(EXTRACTED ENTRIES):
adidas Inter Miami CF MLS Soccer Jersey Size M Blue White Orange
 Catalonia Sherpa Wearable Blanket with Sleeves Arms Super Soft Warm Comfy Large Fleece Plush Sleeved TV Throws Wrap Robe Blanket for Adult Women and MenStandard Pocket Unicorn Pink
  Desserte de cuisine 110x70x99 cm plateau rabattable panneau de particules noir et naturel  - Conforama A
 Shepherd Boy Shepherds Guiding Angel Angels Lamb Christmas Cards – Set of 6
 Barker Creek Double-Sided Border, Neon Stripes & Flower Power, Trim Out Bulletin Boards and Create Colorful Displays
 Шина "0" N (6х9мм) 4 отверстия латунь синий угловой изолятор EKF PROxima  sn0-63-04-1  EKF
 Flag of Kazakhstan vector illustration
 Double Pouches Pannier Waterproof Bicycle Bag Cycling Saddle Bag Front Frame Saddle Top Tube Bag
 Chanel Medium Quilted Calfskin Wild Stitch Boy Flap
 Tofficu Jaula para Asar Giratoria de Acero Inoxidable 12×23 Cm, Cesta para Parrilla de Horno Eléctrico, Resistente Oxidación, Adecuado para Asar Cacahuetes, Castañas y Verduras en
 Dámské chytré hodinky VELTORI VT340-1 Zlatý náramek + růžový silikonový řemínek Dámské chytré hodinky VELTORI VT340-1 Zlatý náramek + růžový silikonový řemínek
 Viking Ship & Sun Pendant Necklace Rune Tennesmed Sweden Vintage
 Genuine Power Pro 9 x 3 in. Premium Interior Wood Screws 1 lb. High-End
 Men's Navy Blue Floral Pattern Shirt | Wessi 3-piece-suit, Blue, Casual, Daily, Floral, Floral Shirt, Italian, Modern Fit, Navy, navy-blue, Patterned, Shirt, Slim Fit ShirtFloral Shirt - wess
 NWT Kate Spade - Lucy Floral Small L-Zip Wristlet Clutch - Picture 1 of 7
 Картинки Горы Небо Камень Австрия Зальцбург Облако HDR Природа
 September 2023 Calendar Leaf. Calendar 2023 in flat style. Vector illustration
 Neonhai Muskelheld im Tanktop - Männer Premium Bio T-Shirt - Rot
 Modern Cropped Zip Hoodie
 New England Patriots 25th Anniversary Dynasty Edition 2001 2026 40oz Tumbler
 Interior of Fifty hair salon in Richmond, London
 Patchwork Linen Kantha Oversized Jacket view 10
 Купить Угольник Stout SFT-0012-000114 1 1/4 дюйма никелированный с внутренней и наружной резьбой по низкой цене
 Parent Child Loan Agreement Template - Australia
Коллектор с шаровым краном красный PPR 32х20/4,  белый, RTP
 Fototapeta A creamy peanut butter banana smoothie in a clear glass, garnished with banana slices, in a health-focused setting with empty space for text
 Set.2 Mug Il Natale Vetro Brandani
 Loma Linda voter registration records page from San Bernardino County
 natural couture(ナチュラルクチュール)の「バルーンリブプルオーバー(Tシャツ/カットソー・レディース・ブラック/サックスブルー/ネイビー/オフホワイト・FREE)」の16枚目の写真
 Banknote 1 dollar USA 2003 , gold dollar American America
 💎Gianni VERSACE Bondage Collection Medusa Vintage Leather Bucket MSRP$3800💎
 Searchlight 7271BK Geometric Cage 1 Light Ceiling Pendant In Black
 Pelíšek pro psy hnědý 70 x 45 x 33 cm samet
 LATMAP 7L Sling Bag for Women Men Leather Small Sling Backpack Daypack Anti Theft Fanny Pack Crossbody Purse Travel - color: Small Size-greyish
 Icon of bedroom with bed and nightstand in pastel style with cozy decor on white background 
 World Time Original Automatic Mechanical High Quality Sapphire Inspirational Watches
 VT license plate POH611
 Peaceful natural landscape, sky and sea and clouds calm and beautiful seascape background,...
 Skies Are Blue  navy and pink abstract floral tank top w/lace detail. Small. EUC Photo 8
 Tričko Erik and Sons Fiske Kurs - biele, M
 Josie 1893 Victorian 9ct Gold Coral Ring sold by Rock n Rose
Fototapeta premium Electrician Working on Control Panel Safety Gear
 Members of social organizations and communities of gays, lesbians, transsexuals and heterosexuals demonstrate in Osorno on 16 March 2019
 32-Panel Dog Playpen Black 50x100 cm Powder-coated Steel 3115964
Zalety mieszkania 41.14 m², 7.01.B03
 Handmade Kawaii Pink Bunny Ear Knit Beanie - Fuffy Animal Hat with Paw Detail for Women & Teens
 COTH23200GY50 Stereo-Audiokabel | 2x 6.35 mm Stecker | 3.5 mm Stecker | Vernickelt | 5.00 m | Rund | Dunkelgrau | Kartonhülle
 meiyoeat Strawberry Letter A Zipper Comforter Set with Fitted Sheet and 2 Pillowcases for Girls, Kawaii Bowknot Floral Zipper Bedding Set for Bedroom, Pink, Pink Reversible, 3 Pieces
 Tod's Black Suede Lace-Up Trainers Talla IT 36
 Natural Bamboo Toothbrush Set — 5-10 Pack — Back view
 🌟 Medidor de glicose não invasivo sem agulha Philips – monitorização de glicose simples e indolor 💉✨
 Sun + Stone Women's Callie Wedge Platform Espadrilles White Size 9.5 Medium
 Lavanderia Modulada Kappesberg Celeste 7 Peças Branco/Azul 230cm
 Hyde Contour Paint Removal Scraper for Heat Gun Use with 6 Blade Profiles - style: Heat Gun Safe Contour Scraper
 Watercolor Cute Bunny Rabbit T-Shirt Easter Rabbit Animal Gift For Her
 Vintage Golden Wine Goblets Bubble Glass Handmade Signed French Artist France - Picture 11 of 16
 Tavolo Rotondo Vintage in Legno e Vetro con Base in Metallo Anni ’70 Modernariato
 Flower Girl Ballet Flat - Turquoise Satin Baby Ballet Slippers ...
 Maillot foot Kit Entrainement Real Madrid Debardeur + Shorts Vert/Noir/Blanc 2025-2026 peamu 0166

(ASSIGNMENT):
Which lines above hold the word "Pack"? Copy each of them.

(EXERCISE ANSWER):
 LATMAP 7L Sling Bag for Women Men Leather Small Sling Backpack Daypack Anti Theft Fanny Pack Crossbody Purse Travel - color: Small Size-greyish
 Natural Bamboo Toothbrush Set — 5-10 Pack — Back view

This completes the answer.